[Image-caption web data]
----------

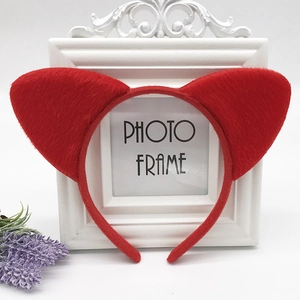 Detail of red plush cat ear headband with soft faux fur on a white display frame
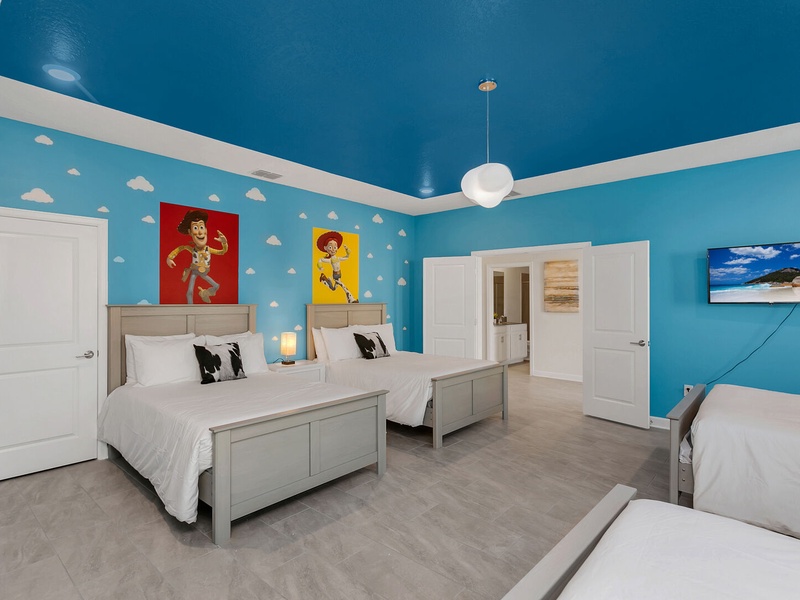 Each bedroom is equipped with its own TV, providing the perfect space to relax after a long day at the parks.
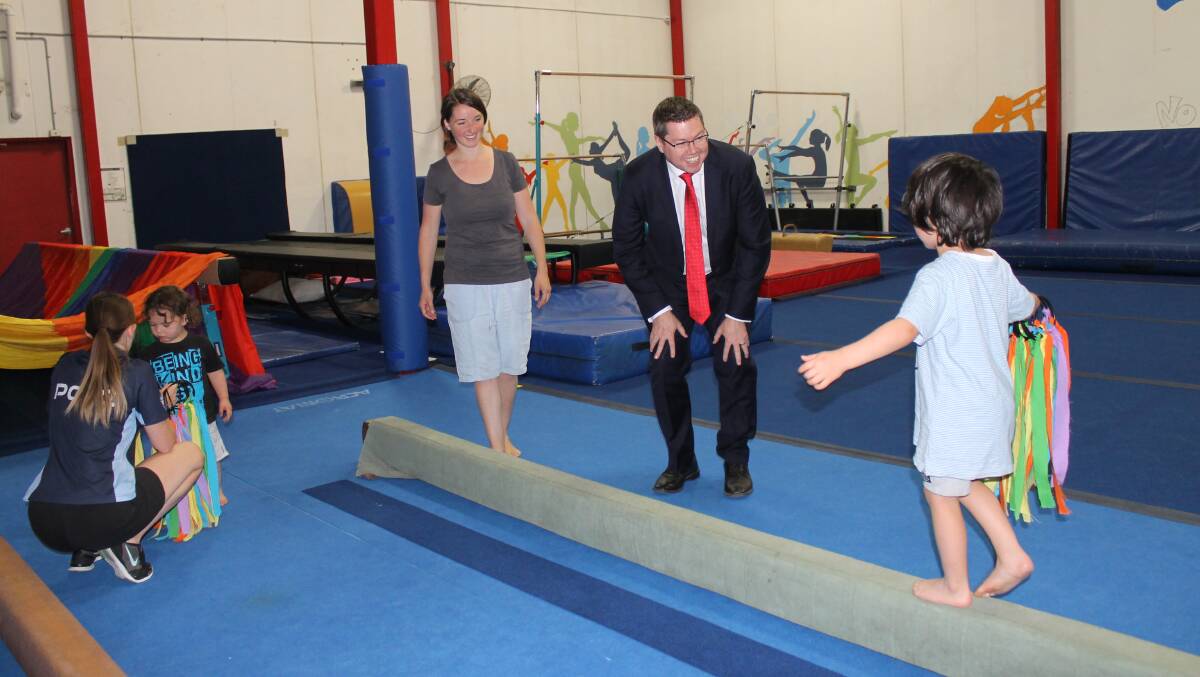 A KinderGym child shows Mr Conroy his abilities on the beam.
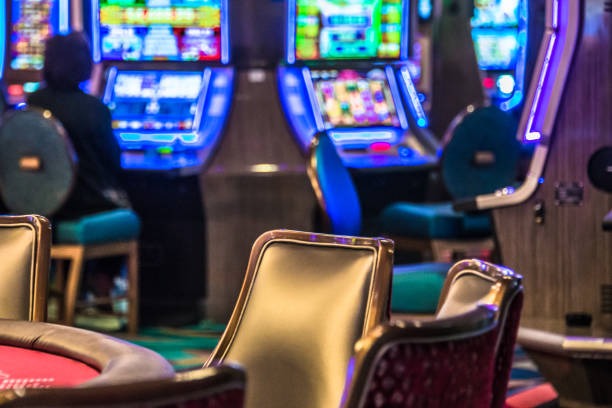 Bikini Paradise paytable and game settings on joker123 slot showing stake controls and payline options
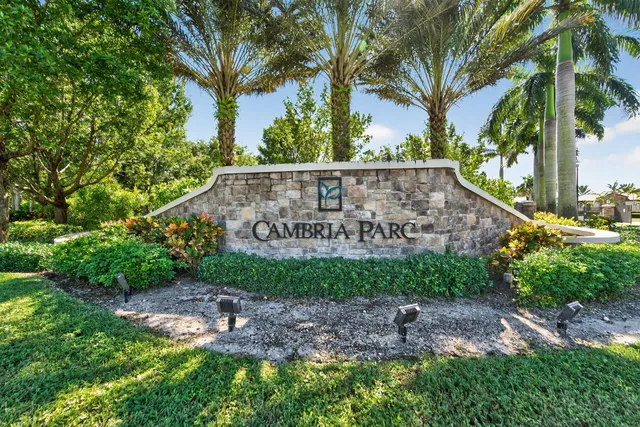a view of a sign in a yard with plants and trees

----------

■ What the task requires
Reproduce the lines from the line containing "Each bedroom is" through the end of the records above, exactly and inclusively, omitting pictures.

■ Written answer
 Each bedroom is equipped with its own TV, providing the perfect space to relax after a long day at the parks.
 A KinderGym child shows Mr Conroy his abilities on the beam.
 Bikini Paradise paytable and game settings on joker123 slot showing stake controls and payline options
a view of a sign in a yard with plants and trees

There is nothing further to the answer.